稲盛さんは格闘技が大好きで、私もボクシングの試合を一緒に観戦したことがあります。
観戦後、稲盛さんは「ボクサーは試合が始まる前は、足が震えるほど怖いそうだ。しかし、闘魂のある選手は、試合が始まったらそんな素振りは決して見せない。強いパンチを受けても、平気な顔をしている。
なぜなら、そのときちょっとでもひるめば、相手から押し込まれ負けてしまうからだ。それは仕事も同じで、『もうこれまでか』という状況に追い込まれても、リーダーは決して白旗を掲げてはならない。
もし、リーダーがファイティングポーズをとれず、弱気なそぶりを見せたら、組織の士気はあっという間に下がってしまう。窮地に陥ったときこそ、リーダーは組織の士気を高めなければならない。そのために必要なのが『燃える闘魂』であり、それはリーダーに欠かせない資質だ」と教えてくれました。
“決して白旗を掲げなかった”JALの再建
京セラも創業以来、大きな景気の変動の波にもまれています。1970年代のオイルショックでは受注がほとんどなくなり、1985年のプラザ合意では急激な円高に見舞われました。
その後も、バブル経済やITバブル景気の崩壊、リーマンショックという大きな不況を繰り返し経験しています。
第二電電(現KDDI)も、創業直後に通信回線敷設の目処が立たないという危機的な事態を迎えたこともあれば、多額の設備投資のために財務的に厳しい状況に陥ったこともあります。その都度、稲盛さんは闘魂を燃やし、乗り越えていったのです。

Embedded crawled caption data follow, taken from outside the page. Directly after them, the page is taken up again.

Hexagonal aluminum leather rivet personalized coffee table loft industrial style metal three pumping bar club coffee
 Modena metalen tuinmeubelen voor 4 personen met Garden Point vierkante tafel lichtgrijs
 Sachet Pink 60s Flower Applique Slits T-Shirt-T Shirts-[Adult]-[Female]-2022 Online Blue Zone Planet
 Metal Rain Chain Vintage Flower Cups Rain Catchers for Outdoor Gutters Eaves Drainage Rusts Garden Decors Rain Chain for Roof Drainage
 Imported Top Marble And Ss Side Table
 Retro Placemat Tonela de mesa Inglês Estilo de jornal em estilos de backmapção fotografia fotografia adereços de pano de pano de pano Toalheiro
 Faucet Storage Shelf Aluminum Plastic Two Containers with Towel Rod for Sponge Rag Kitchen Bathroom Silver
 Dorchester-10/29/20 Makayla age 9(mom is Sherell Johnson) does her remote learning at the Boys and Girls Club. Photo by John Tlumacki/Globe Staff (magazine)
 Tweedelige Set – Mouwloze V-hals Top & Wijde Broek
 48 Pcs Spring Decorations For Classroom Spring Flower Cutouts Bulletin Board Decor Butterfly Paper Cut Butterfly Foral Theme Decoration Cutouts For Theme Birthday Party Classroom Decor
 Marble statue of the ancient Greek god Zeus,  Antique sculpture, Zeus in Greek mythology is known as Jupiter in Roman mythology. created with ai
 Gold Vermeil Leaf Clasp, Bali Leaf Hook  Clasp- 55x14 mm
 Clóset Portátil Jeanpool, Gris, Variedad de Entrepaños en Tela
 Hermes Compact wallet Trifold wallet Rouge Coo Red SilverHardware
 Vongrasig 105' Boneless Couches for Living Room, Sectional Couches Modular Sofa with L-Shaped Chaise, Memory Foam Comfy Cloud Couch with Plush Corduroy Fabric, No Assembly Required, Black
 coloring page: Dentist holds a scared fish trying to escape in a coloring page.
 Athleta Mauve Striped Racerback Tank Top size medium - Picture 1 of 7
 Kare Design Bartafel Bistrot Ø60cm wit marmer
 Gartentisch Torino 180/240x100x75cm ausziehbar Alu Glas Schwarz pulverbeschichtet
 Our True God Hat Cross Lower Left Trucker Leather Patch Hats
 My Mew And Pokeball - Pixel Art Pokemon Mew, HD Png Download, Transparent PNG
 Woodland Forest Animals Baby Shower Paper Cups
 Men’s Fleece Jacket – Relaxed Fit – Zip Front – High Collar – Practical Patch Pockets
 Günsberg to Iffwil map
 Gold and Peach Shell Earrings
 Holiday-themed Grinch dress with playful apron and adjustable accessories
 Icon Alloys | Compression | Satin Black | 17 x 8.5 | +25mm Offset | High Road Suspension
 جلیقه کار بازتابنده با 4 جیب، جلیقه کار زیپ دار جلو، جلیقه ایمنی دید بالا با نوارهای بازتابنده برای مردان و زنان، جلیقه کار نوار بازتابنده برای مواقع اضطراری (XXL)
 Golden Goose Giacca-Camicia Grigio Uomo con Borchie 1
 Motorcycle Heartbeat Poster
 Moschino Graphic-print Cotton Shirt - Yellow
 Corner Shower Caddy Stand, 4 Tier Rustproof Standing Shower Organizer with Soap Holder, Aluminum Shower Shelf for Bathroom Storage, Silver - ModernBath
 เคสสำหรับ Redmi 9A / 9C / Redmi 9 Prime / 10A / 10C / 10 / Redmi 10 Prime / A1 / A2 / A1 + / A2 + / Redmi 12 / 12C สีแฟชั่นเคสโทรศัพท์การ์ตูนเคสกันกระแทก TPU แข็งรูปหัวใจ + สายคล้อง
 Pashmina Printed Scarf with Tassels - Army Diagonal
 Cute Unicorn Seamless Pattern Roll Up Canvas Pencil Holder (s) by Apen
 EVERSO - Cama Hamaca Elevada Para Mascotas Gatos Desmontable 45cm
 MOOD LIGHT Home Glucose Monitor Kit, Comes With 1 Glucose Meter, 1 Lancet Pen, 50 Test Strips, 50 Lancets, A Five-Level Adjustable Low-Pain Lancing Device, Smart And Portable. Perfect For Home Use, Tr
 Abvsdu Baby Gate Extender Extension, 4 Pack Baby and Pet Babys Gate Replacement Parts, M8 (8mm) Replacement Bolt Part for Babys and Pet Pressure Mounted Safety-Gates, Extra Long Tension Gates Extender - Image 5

その典型はJALの再建でしょう。稲盛さんは「3年で再建を成功させる」と宣言していたのですが、最初それを信じる人はいませんでした。
JALは倒産し、マイナスからのスタートだったので、すべてのメディアは、再建は不可能と断言していました。それでも稲盛さんは白旗を掲げるような素振りは少しも見せませんでした。
再建二年目には東日本大震災という思いもよらない厳しい事態に遭遇します。多くの人が、これで再建は失敗してしまうだろうと危惧していました。しかし、それでも稲盛さんは決して白旗を掲げませんでした。
「燃える闘魂」と言うと、鬼のような形相で戦いを挑むような激しいイメージを持つかもしれませんが、稲盛さんの言う「燃える闘魂」とは、そのような激しく一過性のものではなく、内に秘めた松明のように燃え続ける闘魂なのです。
その闘魂を燃やし続けた結果、東日本大震災に見舞われた再建2年目には過去最高となる2000億円を超える営業利益を生み出し、JALは再建から2年8カ月という奇跡的なスピードで再上場を遂げることができたのです。